One hundred and thirteen patients with suspected acute appendicitis were included in the study. Of the 113 patients (62 males, 51 females), the mean age was 30.2 ± 10.1 (range 18-67) years. Of the 113 patients, 94 patients underwent surgery, while the rest were followed non-operatively. Of the 94 patients, 77 patients were histopathologically diagnosed with acute appendicitis. Our study showed a sensitivity level of 81% for the Alvarado system when a cut-off value of 6.5 was used, a sensitivity level of 83.1% for the Ohmann system when a cut-off value of 13.75 was used, a sensitivity level of 80.5% for the Eskelinen system when a cut-off value of 63.72 was used, and a sensitivity level of 83.1% for the RIPASA system when a cut-off value of 10.25 was used.

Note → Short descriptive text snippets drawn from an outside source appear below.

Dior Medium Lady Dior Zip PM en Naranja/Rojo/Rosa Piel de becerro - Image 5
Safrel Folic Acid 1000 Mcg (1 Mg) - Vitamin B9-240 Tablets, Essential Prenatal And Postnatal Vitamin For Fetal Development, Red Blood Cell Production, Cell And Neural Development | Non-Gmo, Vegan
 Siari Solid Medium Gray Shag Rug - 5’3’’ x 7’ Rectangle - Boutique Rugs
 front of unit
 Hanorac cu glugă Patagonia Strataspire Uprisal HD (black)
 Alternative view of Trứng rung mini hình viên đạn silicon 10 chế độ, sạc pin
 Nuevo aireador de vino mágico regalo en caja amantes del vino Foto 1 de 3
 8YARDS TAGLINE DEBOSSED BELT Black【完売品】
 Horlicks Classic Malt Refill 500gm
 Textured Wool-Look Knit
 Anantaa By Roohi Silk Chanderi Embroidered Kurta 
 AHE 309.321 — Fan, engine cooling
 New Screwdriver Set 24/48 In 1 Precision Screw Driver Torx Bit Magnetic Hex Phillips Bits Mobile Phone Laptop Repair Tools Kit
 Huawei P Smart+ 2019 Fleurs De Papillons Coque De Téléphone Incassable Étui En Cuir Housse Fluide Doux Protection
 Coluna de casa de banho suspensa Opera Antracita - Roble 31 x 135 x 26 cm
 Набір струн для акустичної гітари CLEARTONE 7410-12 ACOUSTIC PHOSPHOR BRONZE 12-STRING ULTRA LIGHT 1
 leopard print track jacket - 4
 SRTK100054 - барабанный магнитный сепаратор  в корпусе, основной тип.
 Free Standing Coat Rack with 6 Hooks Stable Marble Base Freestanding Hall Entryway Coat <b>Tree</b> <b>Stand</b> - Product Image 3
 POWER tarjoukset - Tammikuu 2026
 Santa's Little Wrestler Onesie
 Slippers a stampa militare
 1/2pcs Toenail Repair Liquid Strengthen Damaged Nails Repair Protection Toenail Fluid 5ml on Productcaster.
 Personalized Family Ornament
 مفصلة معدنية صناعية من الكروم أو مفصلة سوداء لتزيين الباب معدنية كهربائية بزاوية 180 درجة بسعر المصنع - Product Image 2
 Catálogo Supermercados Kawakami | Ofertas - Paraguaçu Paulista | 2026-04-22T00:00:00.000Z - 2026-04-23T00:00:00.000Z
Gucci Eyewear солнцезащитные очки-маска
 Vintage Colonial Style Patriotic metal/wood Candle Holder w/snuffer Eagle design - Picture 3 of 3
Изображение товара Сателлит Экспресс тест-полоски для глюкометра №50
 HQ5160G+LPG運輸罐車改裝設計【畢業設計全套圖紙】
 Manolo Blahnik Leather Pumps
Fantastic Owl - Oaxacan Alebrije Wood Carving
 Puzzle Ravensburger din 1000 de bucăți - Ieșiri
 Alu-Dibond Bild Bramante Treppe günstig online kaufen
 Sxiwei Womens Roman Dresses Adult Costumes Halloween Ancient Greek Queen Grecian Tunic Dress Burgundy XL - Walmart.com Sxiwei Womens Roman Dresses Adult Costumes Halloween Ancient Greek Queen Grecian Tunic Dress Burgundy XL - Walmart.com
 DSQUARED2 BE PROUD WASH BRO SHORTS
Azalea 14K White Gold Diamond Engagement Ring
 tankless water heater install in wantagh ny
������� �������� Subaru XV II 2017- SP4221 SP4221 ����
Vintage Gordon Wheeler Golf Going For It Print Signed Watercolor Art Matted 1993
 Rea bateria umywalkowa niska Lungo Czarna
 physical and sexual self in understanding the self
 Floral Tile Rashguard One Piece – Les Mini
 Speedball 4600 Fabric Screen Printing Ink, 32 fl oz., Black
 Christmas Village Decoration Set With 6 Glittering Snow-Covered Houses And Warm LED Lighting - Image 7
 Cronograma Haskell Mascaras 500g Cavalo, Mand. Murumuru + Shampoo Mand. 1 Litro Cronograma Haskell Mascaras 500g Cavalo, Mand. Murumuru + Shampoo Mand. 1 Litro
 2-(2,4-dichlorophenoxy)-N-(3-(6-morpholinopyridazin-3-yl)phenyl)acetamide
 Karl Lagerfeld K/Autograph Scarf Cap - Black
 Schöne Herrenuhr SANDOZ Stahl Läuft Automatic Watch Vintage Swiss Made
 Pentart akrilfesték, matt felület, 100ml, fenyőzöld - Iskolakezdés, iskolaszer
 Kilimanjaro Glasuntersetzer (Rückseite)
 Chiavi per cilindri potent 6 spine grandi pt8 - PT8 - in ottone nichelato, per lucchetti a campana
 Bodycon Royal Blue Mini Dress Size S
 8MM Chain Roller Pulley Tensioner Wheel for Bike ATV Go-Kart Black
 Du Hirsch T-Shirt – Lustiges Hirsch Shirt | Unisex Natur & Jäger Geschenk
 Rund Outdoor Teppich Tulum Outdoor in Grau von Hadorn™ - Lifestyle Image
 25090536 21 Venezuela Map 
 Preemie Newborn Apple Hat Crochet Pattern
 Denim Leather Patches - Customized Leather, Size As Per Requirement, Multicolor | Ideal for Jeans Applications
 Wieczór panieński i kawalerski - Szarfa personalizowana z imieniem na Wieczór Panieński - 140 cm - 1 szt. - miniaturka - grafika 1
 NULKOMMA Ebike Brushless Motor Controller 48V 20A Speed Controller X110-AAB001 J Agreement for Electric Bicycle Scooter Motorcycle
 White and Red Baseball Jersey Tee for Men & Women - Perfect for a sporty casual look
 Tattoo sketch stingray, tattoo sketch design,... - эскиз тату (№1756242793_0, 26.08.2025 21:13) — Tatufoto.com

The Ohmann and RIPASA scoring systems had the highest specificity for the diagnosis of acute appendicitis.
评估广泛使用的 Alvarado、Eskelinen、Ohhmann 和 Raja Isteri Pengiran Anak Saleha 阑尾炎(RIPASA)评分系统在疑似急性阑尾炎患者中的可靠性和实际适用性。
因疑似急性阑尾炎而入住我院的患者构成研究组。将患者分为两组。阑尾炎组(A 组)由接受阑尾切除术且组织病理学诊断为急性阑尾炎的患者组成,非阑尾炎组(N-A 组)由接受阴性阑尾切除术且诊断为阑尾炎以外的其他病理的患者和非手术随访的患者组成。使用随访表记录患者的手术结果、患者的随访附加分析结果和这些分析的结果。
本研究共纳入 113 例疑似急性阑尾炎患者。113 例患者中(男 62 例,女 51 例),平均年龄为 30.2 ± 10.1(18-67)岁。113 例患者中,94 例行手术治疗,其余患者行非手术治疗。94 例患者中,77 例组织病理学诊断为急性阑尾炎。本研究显示,当截断值为 6.5 时,Alvarado 系统的敏感性为 81%,当截断值为 13.75 时,Ohmann 系统的敏感性为 83.1%,当截断值为 63.72 时,Eskelinen 系统的敏感性为 80.5%,当截断值为 10.25 时,RIPASA 系统的敏感性为 83.1%。
Ohmann 和 RIPASA 评分系统对急性阑尾炎的诊断具有最高的特异性。